Deputy Assistant Secretary for Election Integrity
- Incumbent
- Assumed office August 2025

= Heather Honey (politician) =

Election Researcher

Heather Honey is a conservative election researcher, serving as the deputy assistant secretary for election integrity in the US Department of Homeland Security since August 2025.

== Career ==
Prior to Honey's appointment, she was a leader in the 2020 election denial movement, supporting then-President Donald Trump's attempts to overturn the 2020 United States presidential election. Honey runs a consulting firm called Haystack Investigations, which supported election "audits". According to Al Jazeera, the group misrepresented incomplete voter data in Pennsylvania to falsely assert the state had more votes than voters in 2020.

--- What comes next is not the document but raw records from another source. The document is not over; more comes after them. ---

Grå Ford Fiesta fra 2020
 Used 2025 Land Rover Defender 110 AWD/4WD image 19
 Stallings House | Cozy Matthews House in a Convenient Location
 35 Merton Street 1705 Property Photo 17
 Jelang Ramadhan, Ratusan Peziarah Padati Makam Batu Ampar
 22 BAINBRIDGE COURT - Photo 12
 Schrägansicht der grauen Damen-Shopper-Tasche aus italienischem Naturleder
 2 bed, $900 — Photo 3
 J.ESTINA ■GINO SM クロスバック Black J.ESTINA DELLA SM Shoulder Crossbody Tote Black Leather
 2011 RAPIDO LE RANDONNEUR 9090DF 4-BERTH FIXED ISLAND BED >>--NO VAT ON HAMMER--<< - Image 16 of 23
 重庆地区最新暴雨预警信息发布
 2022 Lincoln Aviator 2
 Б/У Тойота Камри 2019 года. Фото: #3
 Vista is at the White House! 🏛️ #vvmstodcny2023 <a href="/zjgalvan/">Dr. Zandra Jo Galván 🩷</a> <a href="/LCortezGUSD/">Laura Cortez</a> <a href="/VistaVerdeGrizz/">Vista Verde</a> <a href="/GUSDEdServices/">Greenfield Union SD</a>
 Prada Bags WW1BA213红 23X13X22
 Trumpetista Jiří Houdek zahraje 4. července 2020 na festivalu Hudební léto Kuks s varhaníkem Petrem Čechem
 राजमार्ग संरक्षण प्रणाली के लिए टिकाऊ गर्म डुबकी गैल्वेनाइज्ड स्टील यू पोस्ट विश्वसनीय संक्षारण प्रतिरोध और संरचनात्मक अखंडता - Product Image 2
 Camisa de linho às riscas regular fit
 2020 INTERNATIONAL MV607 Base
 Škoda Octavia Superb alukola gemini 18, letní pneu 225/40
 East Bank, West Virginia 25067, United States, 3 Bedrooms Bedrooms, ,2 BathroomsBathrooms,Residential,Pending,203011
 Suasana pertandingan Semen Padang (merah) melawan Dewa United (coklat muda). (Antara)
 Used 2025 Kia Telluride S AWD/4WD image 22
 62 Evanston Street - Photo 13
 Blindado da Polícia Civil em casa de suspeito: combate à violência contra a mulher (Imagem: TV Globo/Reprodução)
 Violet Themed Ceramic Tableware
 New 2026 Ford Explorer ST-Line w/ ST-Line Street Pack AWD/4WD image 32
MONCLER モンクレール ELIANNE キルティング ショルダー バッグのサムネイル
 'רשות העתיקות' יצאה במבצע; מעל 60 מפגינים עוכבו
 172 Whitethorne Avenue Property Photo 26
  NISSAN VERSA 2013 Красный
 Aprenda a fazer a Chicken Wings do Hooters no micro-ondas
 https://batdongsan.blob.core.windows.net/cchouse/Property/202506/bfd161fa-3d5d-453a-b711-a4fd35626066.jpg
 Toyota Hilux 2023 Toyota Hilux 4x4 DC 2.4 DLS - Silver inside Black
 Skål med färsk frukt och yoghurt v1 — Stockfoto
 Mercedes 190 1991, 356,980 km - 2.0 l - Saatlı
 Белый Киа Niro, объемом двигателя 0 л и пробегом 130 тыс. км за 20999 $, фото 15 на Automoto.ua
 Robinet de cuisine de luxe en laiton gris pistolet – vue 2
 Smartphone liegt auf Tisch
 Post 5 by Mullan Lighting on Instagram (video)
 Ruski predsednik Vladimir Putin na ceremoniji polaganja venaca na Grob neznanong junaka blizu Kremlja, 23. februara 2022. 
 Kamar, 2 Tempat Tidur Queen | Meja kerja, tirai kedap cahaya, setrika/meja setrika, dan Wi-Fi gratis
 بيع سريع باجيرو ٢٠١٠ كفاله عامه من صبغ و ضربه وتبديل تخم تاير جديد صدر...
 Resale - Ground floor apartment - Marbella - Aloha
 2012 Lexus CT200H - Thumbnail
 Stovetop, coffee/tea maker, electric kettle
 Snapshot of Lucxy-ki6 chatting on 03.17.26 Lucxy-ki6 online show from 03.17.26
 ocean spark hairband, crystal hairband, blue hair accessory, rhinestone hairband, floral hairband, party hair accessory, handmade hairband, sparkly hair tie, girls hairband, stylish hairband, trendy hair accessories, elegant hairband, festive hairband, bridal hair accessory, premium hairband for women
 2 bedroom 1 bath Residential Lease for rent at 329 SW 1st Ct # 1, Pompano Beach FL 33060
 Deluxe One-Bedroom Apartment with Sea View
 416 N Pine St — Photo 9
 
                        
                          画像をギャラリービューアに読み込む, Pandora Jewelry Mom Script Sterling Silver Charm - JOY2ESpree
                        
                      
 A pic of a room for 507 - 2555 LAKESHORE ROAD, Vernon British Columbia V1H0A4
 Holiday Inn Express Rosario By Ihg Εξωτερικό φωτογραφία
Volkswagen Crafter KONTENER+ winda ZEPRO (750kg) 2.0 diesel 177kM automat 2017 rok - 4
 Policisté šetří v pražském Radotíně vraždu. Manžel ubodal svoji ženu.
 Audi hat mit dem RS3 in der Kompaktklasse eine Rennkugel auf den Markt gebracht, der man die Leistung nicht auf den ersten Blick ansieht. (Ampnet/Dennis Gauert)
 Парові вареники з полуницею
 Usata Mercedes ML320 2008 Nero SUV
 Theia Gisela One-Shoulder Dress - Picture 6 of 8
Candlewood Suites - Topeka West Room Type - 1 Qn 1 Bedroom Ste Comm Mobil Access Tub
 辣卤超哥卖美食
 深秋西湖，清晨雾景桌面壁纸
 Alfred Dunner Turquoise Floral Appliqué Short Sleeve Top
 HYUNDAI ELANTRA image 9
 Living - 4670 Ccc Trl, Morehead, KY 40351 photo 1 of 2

=== Second Trump administration ===
On October 22, 2025, The New York Times reported that Honey held a call with right-wing activists in March 2025 suggesting that the Trump administration would declare a national emergency regarding the 2020 election.

Honey's appointment was made public in August 2025. The position did not exist in the prior Biden Administration.

Following her appointment, Pennsylvania Secretary of State Al Schmidt released a statement saying his office “has spent years successfully defending Pennsylvania's election laws against lawsuits filed by Heather Honey, and we are engaged in litigation against her to this day.”